_What you should do_:
Copy word for word, please, the lines of the entries below running from the one containing "Kodak KODAK ID" to the one containing "Outlet 60.5Φ-02", both ends included.

_Material provided_:
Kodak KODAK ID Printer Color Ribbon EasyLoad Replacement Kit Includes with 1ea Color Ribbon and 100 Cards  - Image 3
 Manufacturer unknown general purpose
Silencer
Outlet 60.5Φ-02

* * *

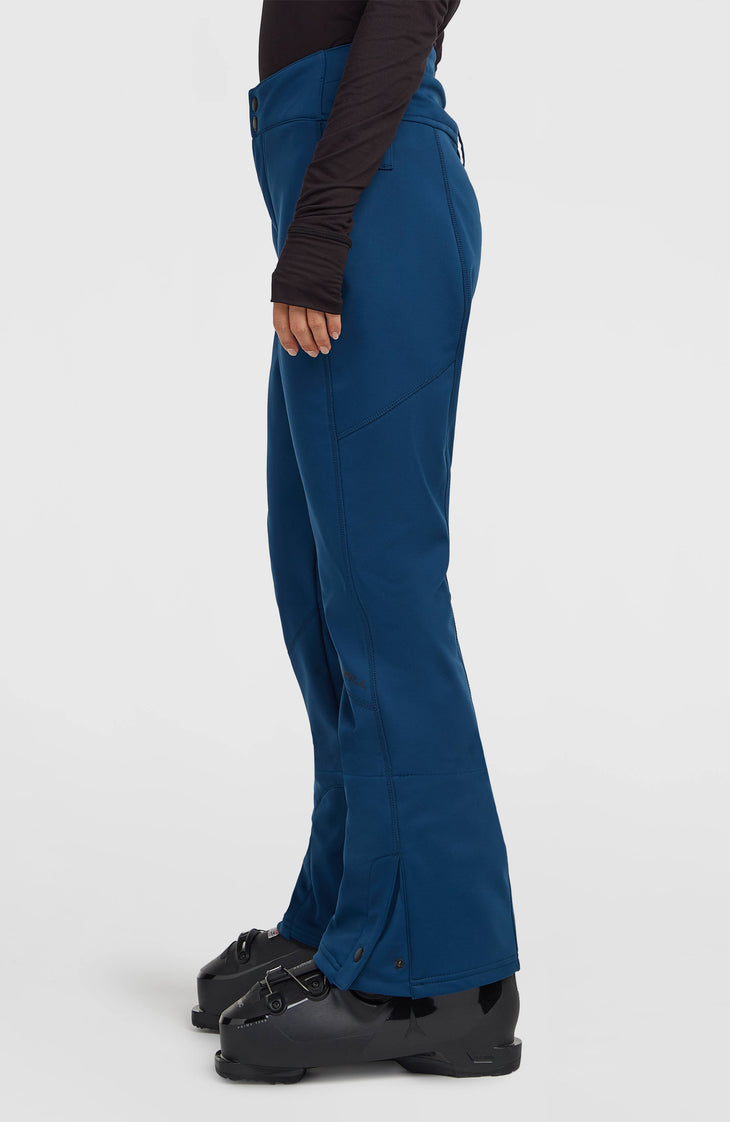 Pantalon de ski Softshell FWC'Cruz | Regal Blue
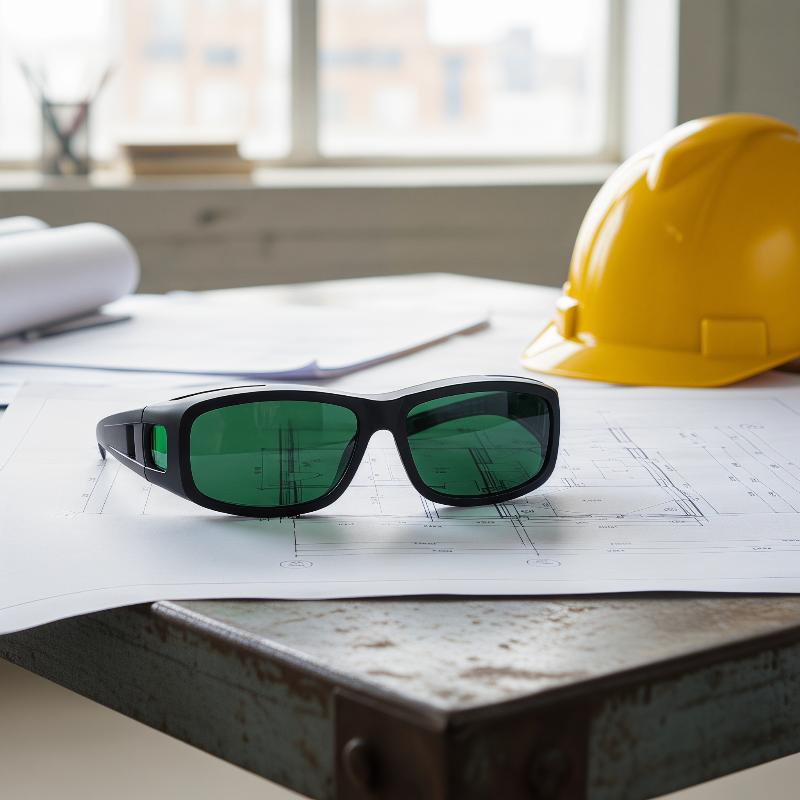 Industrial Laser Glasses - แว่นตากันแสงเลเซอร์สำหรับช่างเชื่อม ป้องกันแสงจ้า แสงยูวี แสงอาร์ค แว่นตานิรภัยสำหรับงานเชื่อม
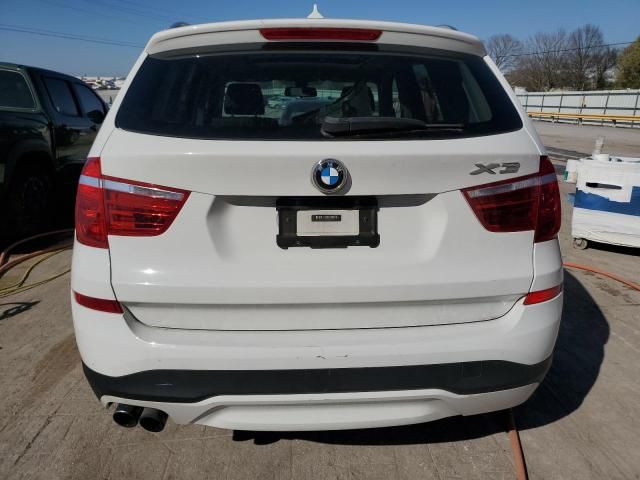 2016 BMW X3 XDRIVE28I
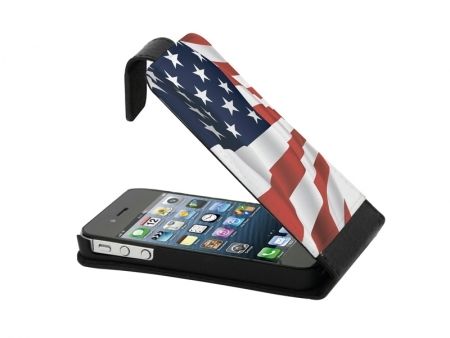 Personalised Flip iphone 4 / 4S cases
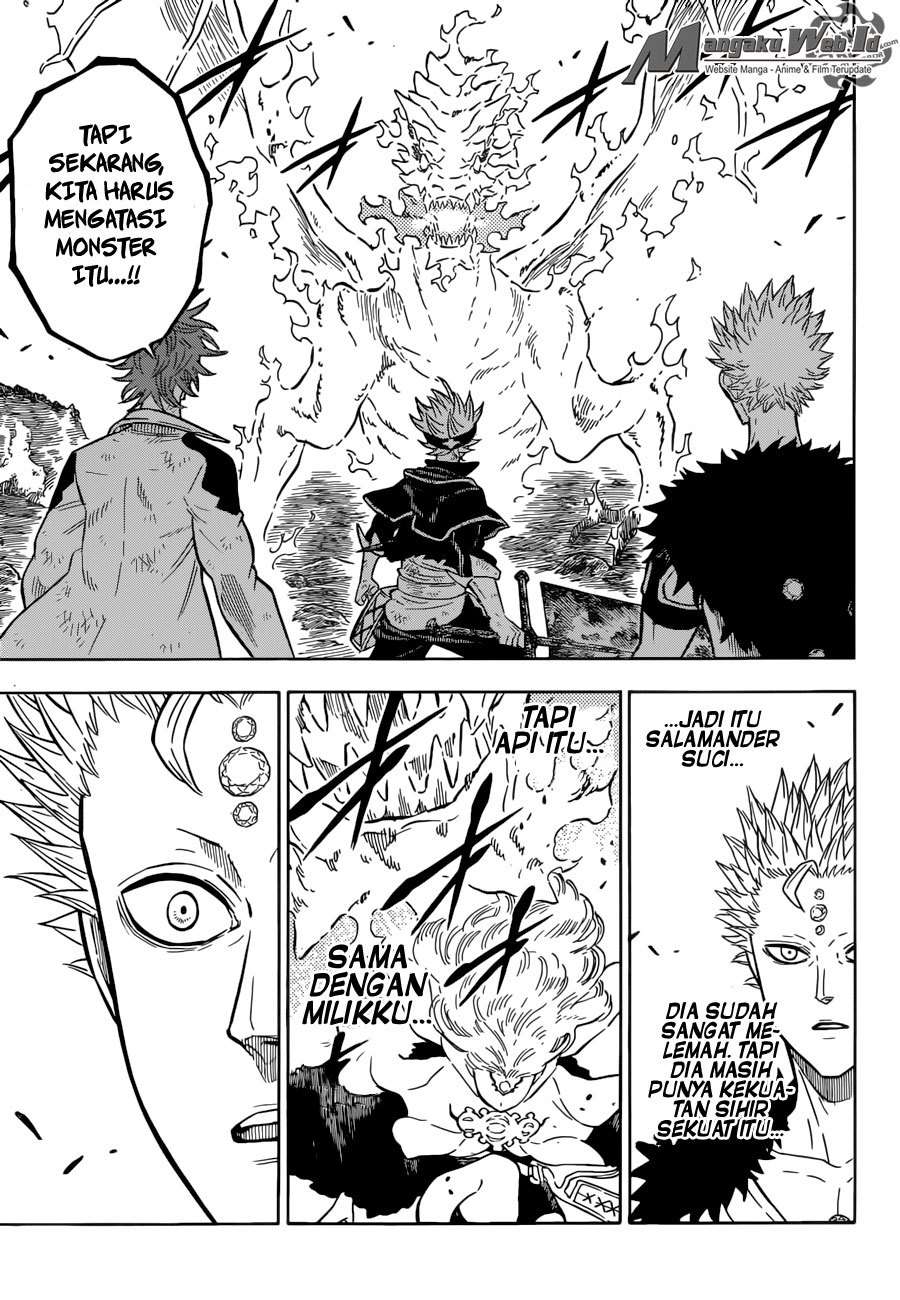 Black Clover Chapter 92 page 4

_Answer_:
Kodak KODAK ID Printer Color Ribbon EasyLoad Replacement Kit Includes with 1ea Color Ribbon and 100 Cards  - Image 3
 Manufacturer unknown general purpose
Silencer
Outlet 60.5Φ-02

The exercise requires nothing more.